What the task asks
Copy the lines below, word for word, from the first through the line containing "When you're working". Leave the pictures out.

Source material

□ □ □ □ □ □ □

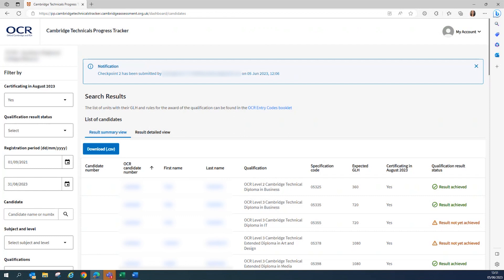This progress tracker will continue to incorporate further future developments, so with this in mind, as always at OCR, we value your feedback. If you'd like to make any comments or suggestions about this progress tracker, then please do let us know.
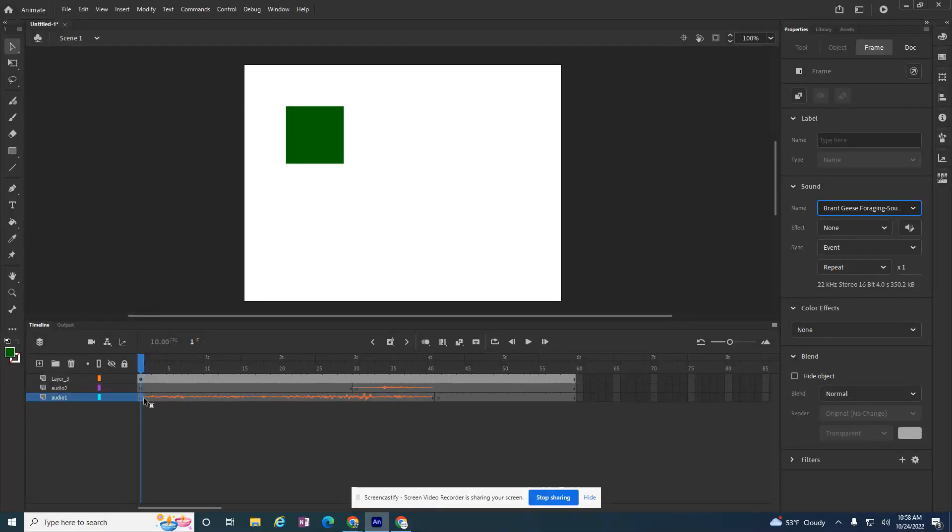When you're working in animation, sometimes you have a track playing in the background and it's fun and exciting, but you can see these waves are really big.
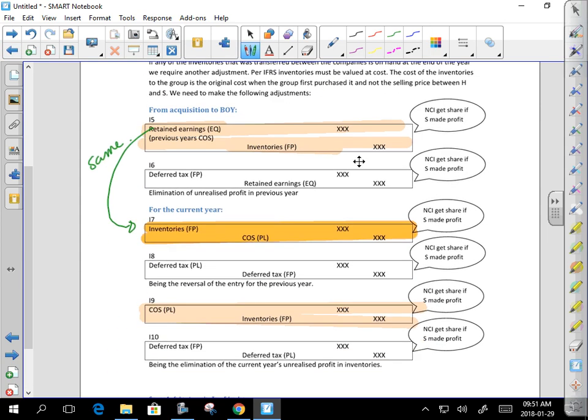Under exam conditions you can apply a quick rule: if SFP versus SFP, no tax. If PL versus PL, no tax. If one's SFP and the other is PL, OCI, or statement of changes in equity, then there's tax. If they're the same, ignore it. If they're different, there's tax.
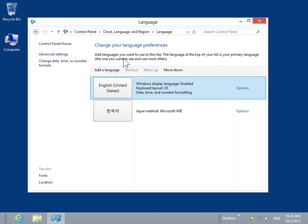From the left navigation pane, click Change Date, Time, or Number Formats.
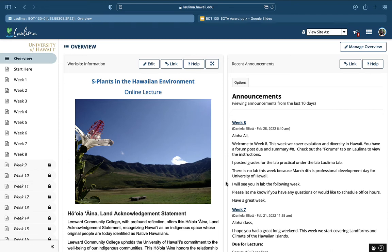Aloha, my name is Daniela Elliott and I'm applying for the Excellence in Online Teaching Award for Guideline 2, Course Technology and Tools with my Botany 130 class.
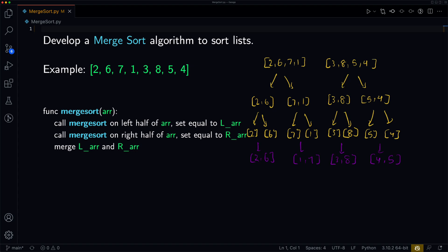So let's look at the next two pairs. We're merging [2, 6] and [1, 7]. When we merge them, we want to make sure we merge in sorted order. We always look at the first element in each list and compare them — whichever is less gets added first to the bigger array. We compare 1 and 2: 1 is less, so 1 goes first. Then we compare 2 and 7: 2 is less, so 2 goes next. Then 6 and 7: 6 is less, so that goes. And now we only have 7 left, so we just add that, giving us [1, 2, 6, 7].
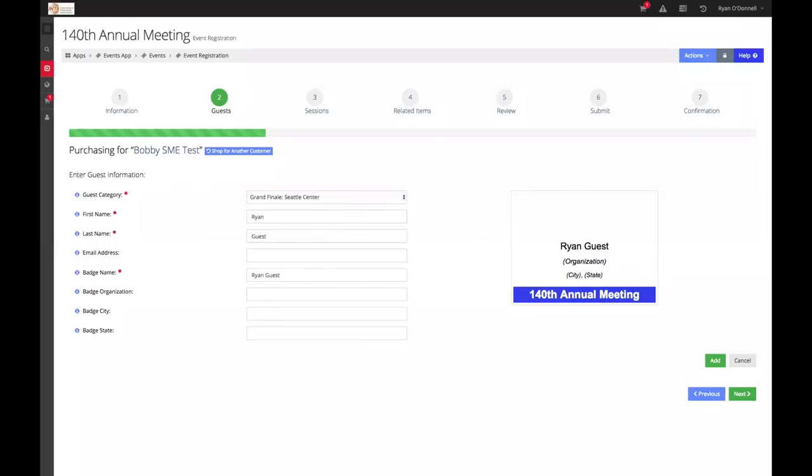Enter the required details of the guest. You may skip any optional fields and we encourage you to not include an email address as that may cause conflict in the system. Once you have put in the appropriate details, click add.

□ □ □ □ □ □ □

Result
This progress tracker will continue to incorporate further future developments, so with this in mind, as always at OCR, we value your feedback. If you'd like to make any comments or suggestions about this progress tracker, then please do let us know.
When you're working in animation, sometimes you have a track playing in the background and it's fun and exciting, but you can see these waves are really big.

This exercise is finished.